Dizemos que há "exterior" e "interior"; mas, psicologicamente, existe de fato tal divisão? Ou trata-se de um movimento semelhante ao da maré, que "sai" e que "entra"? Se escutastes esta pergunta e penetrastes em vós mesmo, a fim de averiguar a verdade respectiva, como olhais agora a montanha, a árvore, vossa esposa, vossos filhos, vosso próximo, vossas ideias? Qual a vossa relação com a cizânia e os malefícios que correm pelo mundo? Sois uma parte disso? Sois o resultado da sociedade, de vosso ambiente? Ou, tendo-os compreendido (a sociedade e o ambiente), vos arredastes deles? Se o fizestes, sois já, então, coisa completamente diferente; está-se verificando uma mutação, que vos dá lucidez, ardor, o sentimento de amor sem motivo.
PERGUNTA: A ação espontânea é ação correta?

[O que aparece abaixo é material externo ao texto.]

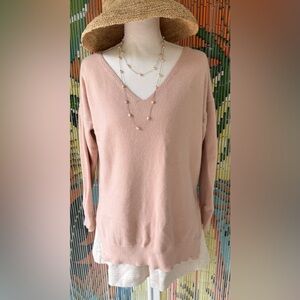 Wishlist Blush V-Neck Women's Sweater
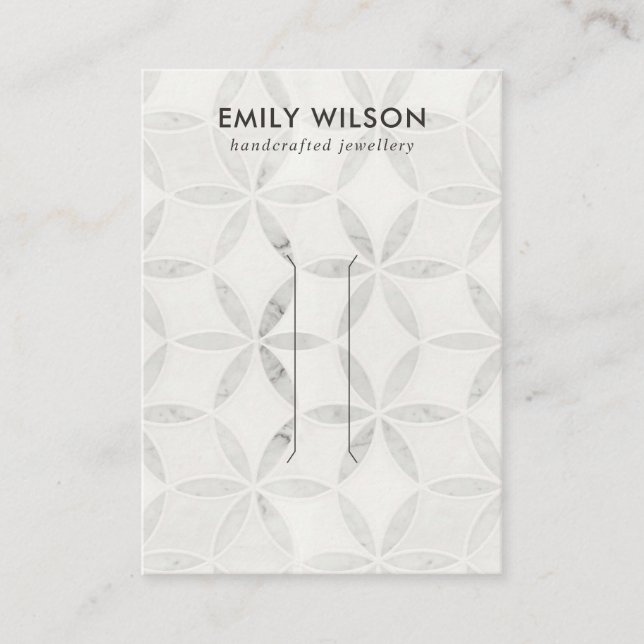 VISITE PASTEL DE LA CARTE D'AFFICHAGE DE CLIP FLORAL BLAN (Devant)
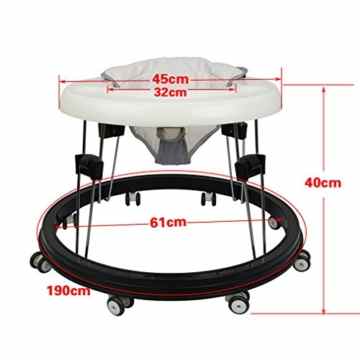Fascol faltbar Lauflernhilfe / Babyschaukel Baby Walker Lauflernwagen Gehhilfe 36-42cm -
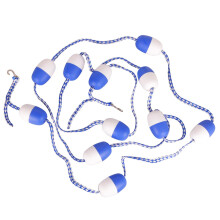 Nylon Pool Safety Lines 16 Foot Floating Marker Rope Pool Depth Divider For Safe Swimming Pool Depth Separation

KRISHNAMURTI: Sabeis quanto é difícil ser-se realmente espontâneo? Estando tão condicionados pela sociedade, vivendo da memória, do passado, que possibilidade temos de ser espontâneos? Sem dúvida, fazer uma certa coisa espontaneamente é agir sem motivo, sem cálculo, sem sentimento egoísta. Não é ação egocêntrica. O que executais procede da plenitude de vosso ser. Mas, para serdes realmente "espontâneo", precisais livrar-vos inteiramente do passado. Só a mente inocente pode ser espontânea.